Engaging Perspectives

Organizational Efficiency in Banking is Not About Downsizing, it’s About Alignment.

Written by Joe Dugan | 9/11/25 6:39 PM

After 30 years in this industry, I’ve seen “efficiency” become synonymous with downsizing.  Since the early ’90s, when efficiency was only considered in terms of the expense half of the income statement, mass layoffs became the solution, regardless of the impact on the customer experience.  Banks and credit unions relied on inertia and the difficulty of switching banks in a paper world to keep dissatisfied customers from leaving.

However, with the advent of online and digital, the customer can switch banks in under five minutes, and the industry has begun to realize that it is the customer experience that matters most as the primary differentiator and revenue generator.  Efficiency is no longer about downsizing. Instead, it is about alignment across people, processes, platforms, and delivery channels, all with the intent of providing exceptional customer experiences.

Efficiency: Beyond Cost-Cutting

Today’s customers expect immediacy, intelligence, and personalization across every channel. Banks and credit unions, in response, have layered on technology. But too often, what results are complexity, not clarity, cost, not capability, silo’s not seamless delivery.

Real organizational efficiency is not about subtraction, it’s about precision. Precision in anticipating the members’ financial needs and delivering solutions consistently, regardless of the channel the member chooses to interact with the financial institution.  While resource allocation, organizational structure, and process improvements should not be ignored when considering organizational efficiency, channel efficiency and the customer experience should be the primary focus.

Channel Chaos: How Did We Get Here and What Happens Today

Prior to the 1960’s everything was delivered by one channel, the branch!!  The arrival of the call center allowed for call activity to be centralized, creating a second, independently staffed channel and redirecting activity out of the branch.

When the ATM came onboard in the 80’s, centralization became the norm, with everything from basic teller transactions to inbound calls to credit directed away from the branches.

By the time online banking arrived in the 90’s, many prognosticators sounded the death knell for the branch. With today’s digital transformation bringing the ability to open accounts without branch assistance, the toll of the bell has only rung louder, and centralized staffing silos have continued to proliferate.

Yet, ironically, customers continue to see value in the branch despite declining activity. Many surveys rank a branch near where you live or work as the second most important decision factor for selecting your financial institution.

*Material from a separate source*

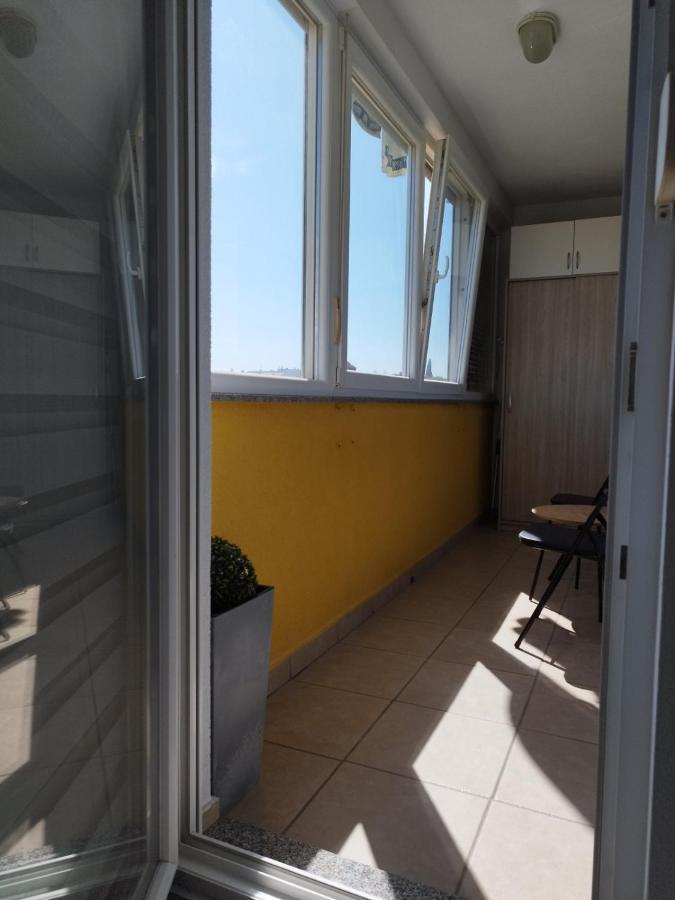 Apartment Luka Пула Екстер'єр фото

And despite their digital savvy, Gen Z visits the branch more frequently per month than any other generation according to a recent survey conducted by BAI.

This siloed delivery channel model, which has been created over time, has resulted in significant inefficiency. Each channel creates its own workstream, leading to additional delivery costs and friction while creating disjointed customer journeys that result in attrition and lost revenue opportunities.

Redefining Efficiency as a Growth Strategy

Efficiency and customer experience are not opposing forces. They are interdependent. To be successful, channel staffing also needs to be interdependent, not siloed, and activity needs to be directed to wherever there is available staffing capacity.  Routing activity based on staff capacity rather than location allows for increased staff utilization and richer customer experiences.

An optimized channel framework reduces operational drag and increases engagement. It cuts noise and surfaces opportunity. It replaces channel conflict with channel cohesion.

Institutions that get this right will deliver faster onboarding, increase cross-sell and retention, reduce cost-to-serve, and improve employee satisfaction, while gaining margin, trust, and customer satisfaction. Instead of siloed handoffs, you get connected journeys that feel intuitive to the customer and efficient to the institution.

Recently, one of our Engage fi clients was trying to close the $6.5 million gap necessary to achieve their peer median efficiency ratio of 70%.  We started by mapping the customer journeys for a new account opening through each delivery channel (web, mobile, online, phone, branch), as well as looking at the activity levels of each channel and the market demographics around each branch.  By focusing on the customer experience and market opportunity, we ultimately increased staff utilization from 23% to 59% across all delivery channels, and reduced delivery costs by $12 million or 67%.

While resource allocation and process improvement became part of the solution for our client’s organizational efficiency, it was driven by defining the customer experience and optimizing the delivery of that experience.  We helped the financial institution recognize the interdependence of efficiency and customer experience.

Final Thought

Today, the financial service industry has been enamored with digitization and the promise of AI to gain efficiency.

While important, let’s not forget that unbridled channel proliferation and the staffing silos that came with it still need to be addressed to create true efficiency on both sides of the income statement and a positive impact on the customer experience.